- [WHAT THE TASK ASKS]
Below is a listing with pictures in it. Copy it exactly without them.

- [PROVIDED MATERIAL]

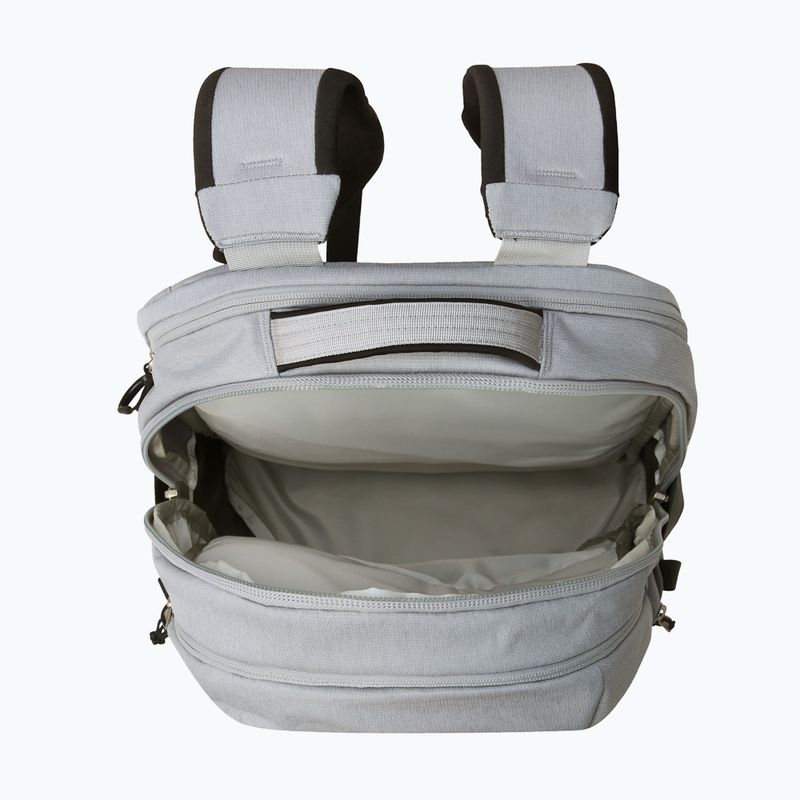 Urban backpack The North Face Surge 31 l melt grey dark heather/tnf black 4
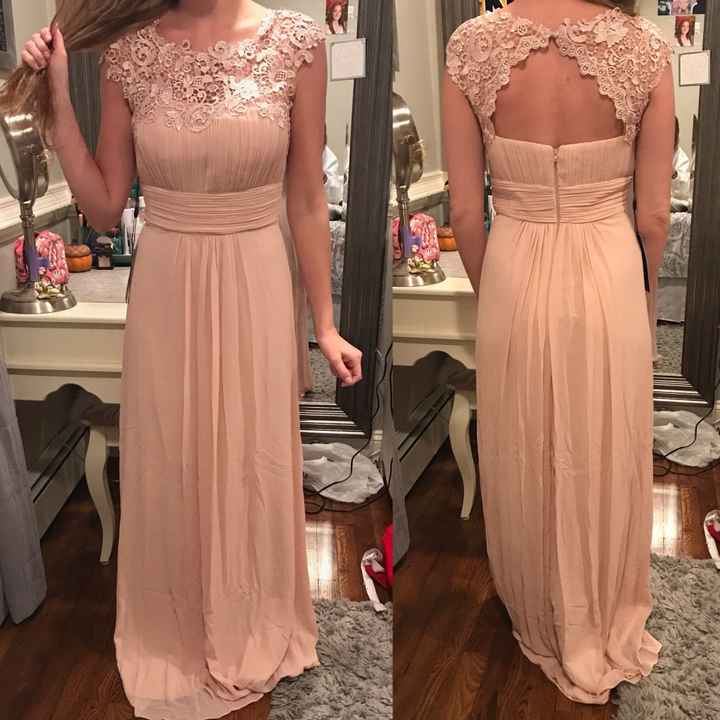 My girls bridesmaid dresses both under $40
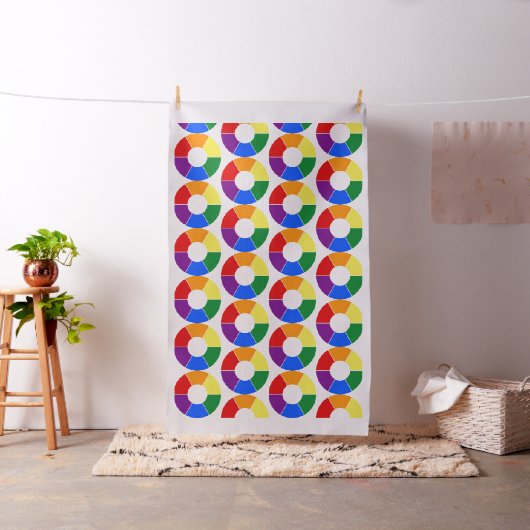 RAINBOW FLAG BUTTON RAYS + Ihr Backgr. Ideen Stoff (Beispiel)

- [RESULT OF THE TASK]
 Urban backpack The North Face Surge 31 l melt grey dark heather/tnf black 4
 My girls bridesmaid dresses both under $40
 RAINBOW FLAG BUTTON RAYS + Ihr Backgr. Ideen Stoff (Beispiel)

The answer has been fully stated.